Adds William Powers, the president of the University of Texas at Austin: "The market is choosing quality regardless of incremental costs."

This is at a price. College tuition has increased by more than three times the rate of inflation for the last 20 years, despite U.S. wages flat-lining since 2000. The average tuition at a private four-year institution grew 6.6 percent year-over-year in 2007 to $23,712, according to the College Board. This is pricey in itself, but when you add in all the luxe living expenses, the total bill touches $50,000 a year at the high end.

To the chagrin of financial advisers, students are increasingly turning to higher interest private loans to meet the burgeoning college bill. Private loans made up 24 percent of total education loans in 2006-07, up from 6 percent a decade ago. In 2008, students secured $20 billion in private loans — amounting to roughly a fifth of total undergraduate borrowings for the year. Taxpayers pony up, too, chipping in an average $4,000 per student through government loans and grants to private institutions, which usually come up with $3,720 in aid (often in the form of discounted tuitions) as well.

It's a scenario familiar to anyone who watched the housing bubble blow. "We are at a trend line that cannot be sustained," says Matt Snowling, an analyst at Friedman, Billings and Ramsey, who covers the student loan industry. "Tuition must go down, or there will be limited demand at high-priced private schools."

Consolidation is coming
Yet for many schools, tuition is the lifeblood of their finances. There isn't much to fall back on. In 2006, the College Board reported the wealthiest 10 percent of private four-year colleges and universities had an estimated average of about $454,100 in endowments per student, compared to about $15,000 at median institutions.

Larger academic systems with deep capital reserves, like the University of California or the 28 Jesuit institutions in the U.S., are in much better shape. At UT Austin — a public university in a state with a $12 billion budget surplus and a football program that brings in $5 million a year — the only cuts Powers is looking to make involve thinning out the number of five- and six-year undergraduate seniors on his campus. Getting students to graduate "expeditiously" saves a bundle, he says.

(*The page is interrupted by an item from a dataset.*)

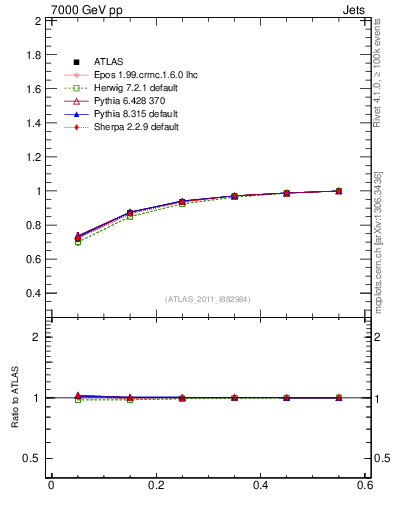Plot of js_int in 7000 GeV pp collisions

Private colleges will be the next fragmented industry to consolidate as a result of this over-expansion, says Terry McCarthy, a managing director at executive search firm Horton International, in much the same way large hospital groups rolled up smaller and weaker rivals in the 1990s.

Absorption by stronger and possibly more academically recognizable universities will be good news for some schools. The trouble, he says, is that students who hold diplomas from the then defunct universities will risk a "loss of recognition" in their quality of education.

Others will fight the trend, too. "Particularly for schools that are financially weak, you might see some mergers," says Joel Seligman, president at the University of Rochester. "But faculty who are powerful at universities resist mergers because they have a lot to lose."

Resistance may prove difficult. Pinched students and parents are likely to be more curious about whether prospective institutions are at risk of going bust. Expect to see college marketing materials with increased emphasis on growing enrollment, robust endowments and healthy long-term financial prospects.

Antioch's Murdock sees opportunity in the troubles ahead. "Now we're developing a growth move because of the programs we offer for professional adults," she says. "Perhaps we'll merge with other campuses that are in trouble."